Dick Cavett has enjoyed solid success with Shout! Factory by plumbing his archives for a series of his interviews with movie directors, rock stars, comedians (the Bob Hope and Carol Burnett evenings are as good as it gets), and acting immortals (Katharine Hepburn rearranged Cavett’s set on camera before she’d deign to sit). But when I think about the Cavett junkie I was during these counter-culture years, the political shows are the ones I constantly dredge up in my mind. These would include the one with lefty journalist I.F. Stone (first time I ever saw him) sharing the stage with Dustin Hoffman — plus an entire program devoted to Daniel Ellsberg after he helped make the Pentagon Papers public (if memory serves, Barry Goldwater burned a few of his gaskets over this particular telecast).
The Papers leak was one of the events that led indirectly to Watergate, and just about the only non-news show that would touch the subject during this period was the one hosted by the only Johnny Carson rival who managed to carve out an equally vital late-night niche of his own. As luck would have it, “The Dick Cavett Show” welcomed Teddy Kennedy as a guest early in the very first week following the Nixon Plumbers’ break-in of the Democratic headquarters in Washington, D.C.’s Watergate building, right around the corner from where I would eventually work. The senator, seen here from the show, doesn’t have much to offer by way of illumination, though he must have had his suspicions. Not long after, we see Attorney General Richard Kleindienst telling Cavett how unprecedentedly extensive the immediate in-house Watergate investigation had just been when he knew a whole lot more that was going on (he later pleaded guilty for failing to testify fully during some early Senate Watergate sleuthing).

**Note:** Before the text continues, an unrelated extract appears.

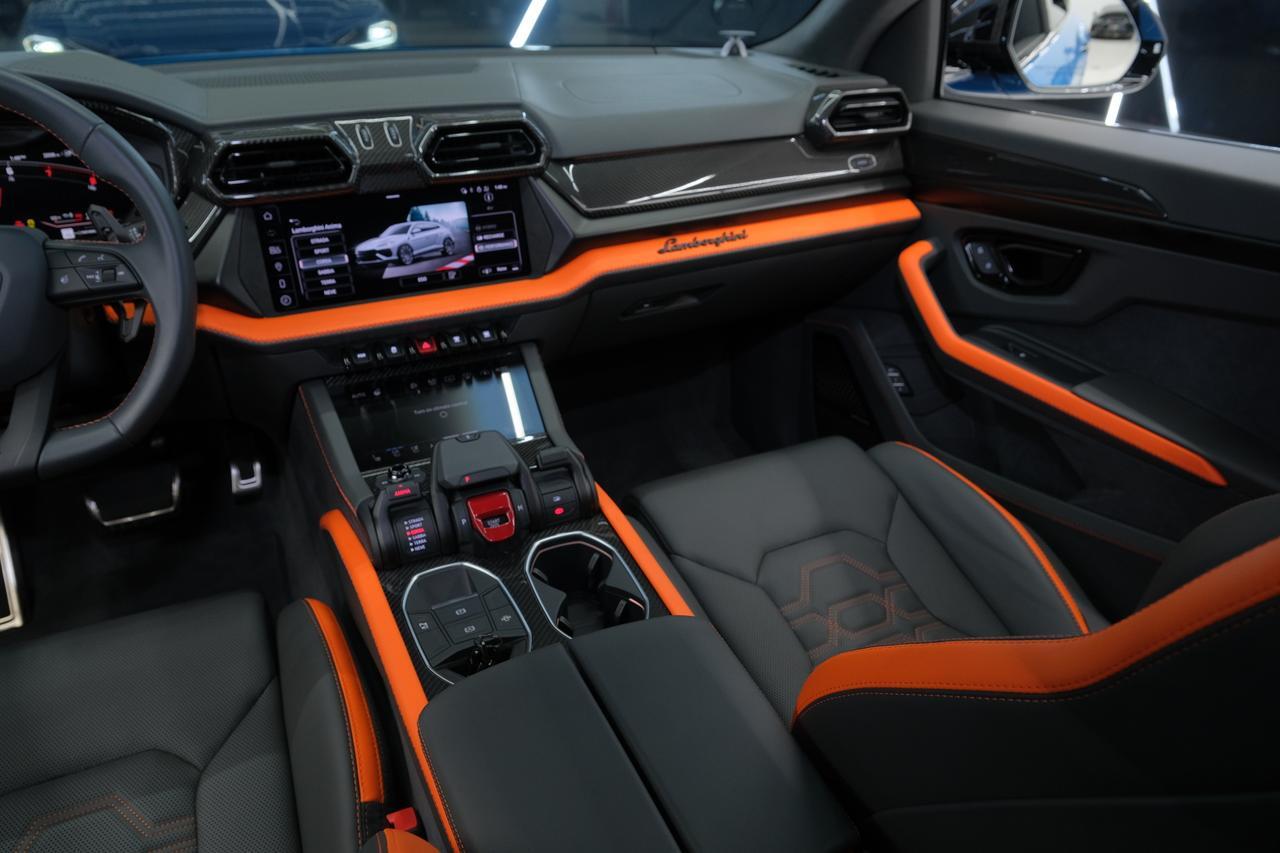 2025 Lamborghini Urus SE Miami FL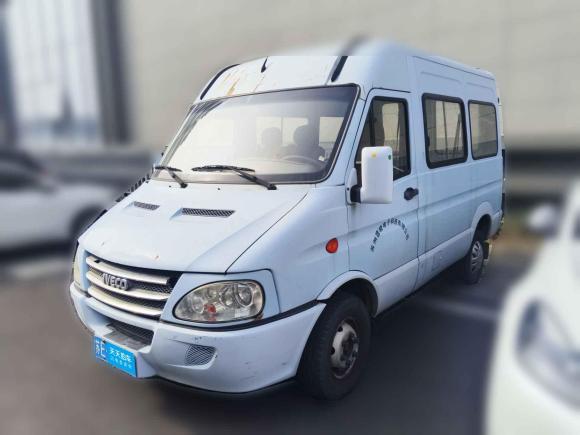 [苏州·苏E] 二手依维柯依维柯褒迪2012款 2.5T-A32 基本型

Kleindienst’s eventual 1973 resignation set off what seemed like a litany of Nixon a.g.’s during what remained of the president’s administration. If memory serves, there was a major movie of the day — I think it was Paul Mazursky’s Harry and Tonto with Art Carney’s Oscar-winning performance — in which Carney’s Harry character wanted to know who was “attorney general this week.”
This pressure-packed remembrance is hosted by today’s version of Cavett, assisted by star Washington Post reporters Bob Woodward and Carl Bernstein, former White House counsel and eventual beans-spiller John Dean, former Nixon Library historian Timothy Naftali (this guy is the final word in historical context) and more. Cavett more than holds his own in this company because, for one thing, he was “on the tapes.” A high point here is hearing Nixon (with associates) discussing the show, wondering if Cavett was Jewish and then asking his team if they could “screw him.” To this last point, Cavett notes that four members of his staff had to endure tax audits, which would be way beyond the statistical norm.
A couple of the biggest laughs here come courtesy of the Senate Watergate Hearings — one from the broadcast where Chairman Sen. Sam Ervin gives White House aide John Ehrlichman such a dressing-down that even Ehrlichman had to laugh, and another where Cavett interviews Sen. Howard Baker in the hearing room, and the latter gets off a terrific wisecrack in response to a jokey Cavett statement. The biggest new revelation comes near the end: when Woodward and Bernstein (who calls Gerald Ford “great”) tell of their personal 180 about subsequent President Ford’s Nixon pardon, which is a good a reason as any why Ford lost the ’76 election. I myself long ago came to the strong (if sigh-heavy) conclusion that Ford was right to do it when any imprisonment appeals process would have eaten two to six years. But I was really floored to hear them say it. Something not a surprise here is how much glee frequent Cavett guest Gore Vidal displays over the onetime spectator sport of watching Nixon flail in office as the sharks ascended. Hopefully, Cavett will someday make available his famous showdown show between Vidal and Norman Mailer (also New Yorker Paris correspondent Janet Flanner) because it was an all-timer that those who saw it will ever forget.